*** Opening DATA TO USE ***

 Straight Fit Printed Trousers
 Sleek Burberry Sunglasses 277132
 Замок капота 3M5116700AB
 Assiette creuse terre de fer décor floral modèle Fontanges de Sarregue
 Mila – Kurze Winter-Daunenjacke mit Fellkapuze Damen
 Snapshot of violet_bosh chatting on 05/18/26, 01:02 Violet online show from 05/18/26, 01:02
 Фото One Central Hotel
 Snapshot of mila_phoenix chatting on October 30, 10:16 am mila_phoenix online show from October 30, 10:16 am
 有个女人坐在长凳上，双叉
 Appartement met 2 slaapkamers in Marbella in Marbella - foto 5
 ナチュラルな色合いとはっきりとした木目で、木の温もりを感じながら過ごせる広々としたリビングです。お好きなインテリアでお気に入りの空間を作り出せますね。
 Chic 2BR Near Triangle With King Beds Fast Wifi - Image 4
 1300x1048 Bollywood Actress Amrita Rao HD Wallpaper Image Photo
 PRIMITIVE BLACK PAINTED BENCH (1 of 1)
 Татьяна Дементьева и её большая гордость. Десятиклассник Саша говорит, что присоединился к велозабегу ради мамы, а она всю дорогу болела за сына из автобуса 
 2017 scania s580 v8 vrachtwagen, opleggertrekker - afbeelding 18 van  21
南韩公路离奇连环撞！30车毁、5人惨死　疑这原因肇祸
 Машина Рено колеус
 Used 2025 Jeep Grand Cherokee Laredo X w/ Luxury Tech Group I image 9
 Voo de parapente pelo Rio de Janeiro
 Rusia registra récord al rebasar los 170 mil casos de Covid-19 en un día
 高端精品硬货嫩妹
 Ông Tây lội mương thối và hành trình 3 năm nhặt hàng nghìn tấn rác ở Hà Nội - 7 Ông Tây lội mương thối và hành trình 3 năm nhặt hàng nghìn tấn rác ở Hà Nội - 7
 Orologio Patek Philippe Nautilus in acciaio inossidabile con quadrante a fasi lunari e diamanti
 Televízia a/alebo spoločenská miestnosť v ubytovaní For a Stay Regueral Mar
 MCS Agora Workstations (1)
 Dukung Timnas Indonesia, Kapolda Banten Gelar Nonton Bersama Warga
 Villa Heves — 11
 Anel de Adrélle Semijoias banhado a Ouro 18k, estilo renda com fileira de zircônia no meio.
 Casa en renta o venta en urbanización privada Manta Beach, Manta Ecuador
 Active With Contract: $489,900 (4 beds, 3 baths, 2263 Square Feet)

*** Closing DATA TO USE ***

Find all the lines with "chatting" in the data and copy them.

▸ EXERCISE RESULT:
 Snapshot of violet_bosh chatting on 05/18/26, 01:02 Violet online show from 05/18/26, 01:02
 Snapshot of mila_phoenix chatting on October 30, 10:16 am mila_phoenix online show from October 30, 10:16 am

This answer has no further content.